How does this story end? Again, Trueman doesn’t pretend to know. But he takes the long view and sketches a plan for maintaining Christian identity in the tough years to come. In his conclusion, he urges readers to form countercultural communities that will shape our intuitions and our children’s intuitions in a biblical direction. These communities must be defined by more than just the preaching of unpopular moral truths. They’ll also depend on God-centered worship that counters the narcissism of the modern self, plus a renewed emphasis on the reasons behind biblical rules about sex and marriage. Just as the intuitions that made transgenderism thinkable were caught more than taught, the intuitions that make Christianity plausible and sustainable will be caught and cultivated in strong Christian communities.
Not a New Problem
It seems to me, though, that the real value of this book lies in how it demystifies all those crazy headlines. It turns out the LGBT+ movement and the wider sexual revolution are not the result of a sudden and inexplicable breakdown in morality, as bewildered Christians often suppose. As much as the counterculture of the 1960s, the Obergefell decision, and drag queen story hour deserve our criticism, none of these things happened spontaneously or in isolation. They were predictable pit-stops on a journey Western civilization has been on for generations—a journey in which we’ve all taken part—a journey away from seeing our bodies and creation alight with divine purpose to seeing the world and each other as pliable playthings lacking intrinsic meaning.
The intuitions that make Christianity plausible and sustainable will be caught and cultivated in strong Christian communities.
Ironically, this realization helps us understand the moral energy with which modern activists shout their demands and advance their causes. They’re not just miscreants looking to corrupt society. They’re not just predators looking to groom our children, though such threats certainly exist. The average transgender activist is possessed of a deep, albeit misguided, conviction that he or she is liberating people to be authentically themselves. And because of the process Trueman describes, millions of modern people share that conviction and see that authenticity as the highest goal to which human beings can aspire.
Knowing this puts us in a position to be far more compassionate and understanding toward those who disagree with us. They’re looking for something they won’t find by looking within. It also reminds us of that Augustinian truth that the human heart is made for God, and will not be satisfied with anything less. As Trueman acknowledges, Augustine, like Rousseau, is famous for introspection. But what the Bishop of Hippo found when he looked within was gnawing restlessness—a restlessness that was only stilled after he surrendered himself (and his sexuality) to the God who made and loved him.

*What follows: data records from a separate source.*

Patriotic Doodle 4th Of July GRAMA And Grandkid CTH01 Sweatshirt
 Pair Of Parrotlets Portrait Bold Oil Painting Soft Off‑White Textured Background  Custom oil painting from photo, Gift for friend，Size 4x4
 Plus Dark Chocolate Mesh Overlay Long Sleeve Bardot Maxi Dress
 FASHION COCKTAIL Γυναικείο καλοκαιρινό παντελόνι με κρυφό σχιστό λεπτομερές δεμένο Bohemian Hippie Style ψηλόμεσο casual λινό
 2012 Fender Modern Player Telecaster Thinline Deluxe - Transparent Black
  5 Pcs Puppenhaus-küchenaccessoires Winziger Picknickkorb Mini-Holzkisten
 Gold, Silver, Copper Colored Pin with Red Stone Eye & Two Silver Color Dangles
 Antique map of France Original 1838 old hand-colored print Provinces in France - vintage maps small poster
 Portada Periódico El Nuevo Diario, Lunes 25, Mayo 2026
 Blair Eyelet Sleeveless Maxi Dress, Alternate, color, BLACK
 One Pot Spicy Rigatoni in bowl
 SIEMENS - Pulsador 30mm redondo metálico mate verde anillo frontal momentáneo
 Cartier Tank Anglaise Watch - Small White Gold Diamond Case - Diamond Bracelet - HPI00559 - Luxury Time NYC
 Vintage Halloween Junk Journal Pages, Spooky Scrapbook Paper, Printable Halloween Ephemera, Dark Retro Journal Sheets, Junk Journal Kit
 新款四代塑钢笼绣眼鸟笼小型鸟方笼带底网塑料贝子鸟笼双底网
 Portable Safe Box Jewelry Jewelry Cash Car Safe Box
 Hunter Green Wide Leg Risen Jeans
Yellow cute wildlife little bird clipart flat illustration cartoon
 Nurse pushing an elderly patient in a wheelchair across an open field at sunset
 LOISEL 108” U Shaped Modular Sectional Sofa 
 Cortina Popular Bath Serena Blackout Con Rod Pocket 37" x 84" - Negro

Trueman paints a bleak picture, and he doesn’t attempt to soften the edges. We are living in a society whose basic assumptions have led to the unmooring of identity from human nature. There’s no easy fix, and none of us can undo the rise and triumph of the modern self—at least not any time soon. But in understanding how we got here, we’ll be better prepared to offer a way out, to point to the truth, and to faithfully serve the God who called us to be strangers in this strange new world.